Dépitée, j’abandonne l’idée de créer des parfums à la fraise. La formule a disparu, engloutit par l’ordinateur. Les années ont fui, englouties par le quotidien. Je me suis spécialisée dans la pomme. Entre autres.

Et puis, un jour, je papotais fraise avec un parfumeur.
Elle a souri. Et m’a expliqué que pour sa part elle n’aimait pas la vanille. Pourtant elle avait signé de nombreux parfums onctueux et meringués.
J’ai repris mes flacons. Écris une formule. À ma façon. Fraise et calisson. J’ai oublié l’école et la chromato.
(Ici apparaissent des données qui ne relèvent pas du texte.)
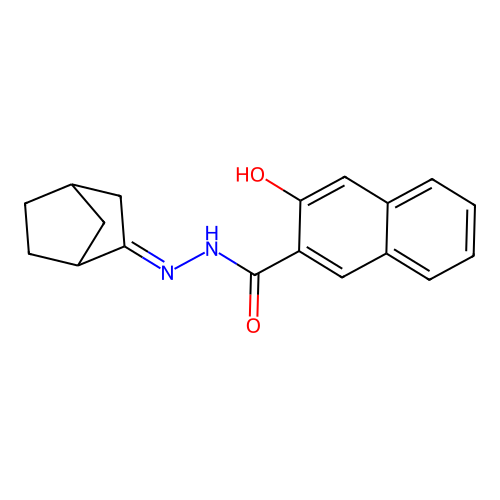 N-(3-bicyclo[2.2.1]heptanylideneamino)-3-hydroxy-2-naphthalenecarboxamide structure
Depuis, des enfants anglais font des bulles dans le bain avec mon parfum « toffee cherry » et j’en suis heureuse. « Nothing personal”, comme disent les Américains.


PS :
Un grand merci à Josiane, spécialiste de la vanille qu’elle n’appréciait pas vraiment, qui m’a démontré gentiment que l’aldéhyde C16, surnommé également aldéhyde fraise, ne sert à rien pour créer une fraise.
Un grand merci à Florence qui m’a expliqué au hasard d‘une conversation que l’anthranilate de méthyle permet de créer l’odeur de la fraise des bois.
Un grand merci à papa qui explique dans son bouquin (au passage, hop, un peu de pub, ça reste en famille), que ma formule de jeune parfumeur à la recherche de la fraise écrite avec plus de 120 produits, peut se résumer aussi en deux matières : éthyl maltol + fructone.
PS 2:
Aujourd’hui, lorsque l’on fait déguster en aveugle à des adultes et particulièrement à des enfants une véritable fraise de saison mûre à point et un arôme traditionnel de fraise, la majorité des réponses démontre que l’arôme de synthèse emporte la palme de la réalité, de la vérité.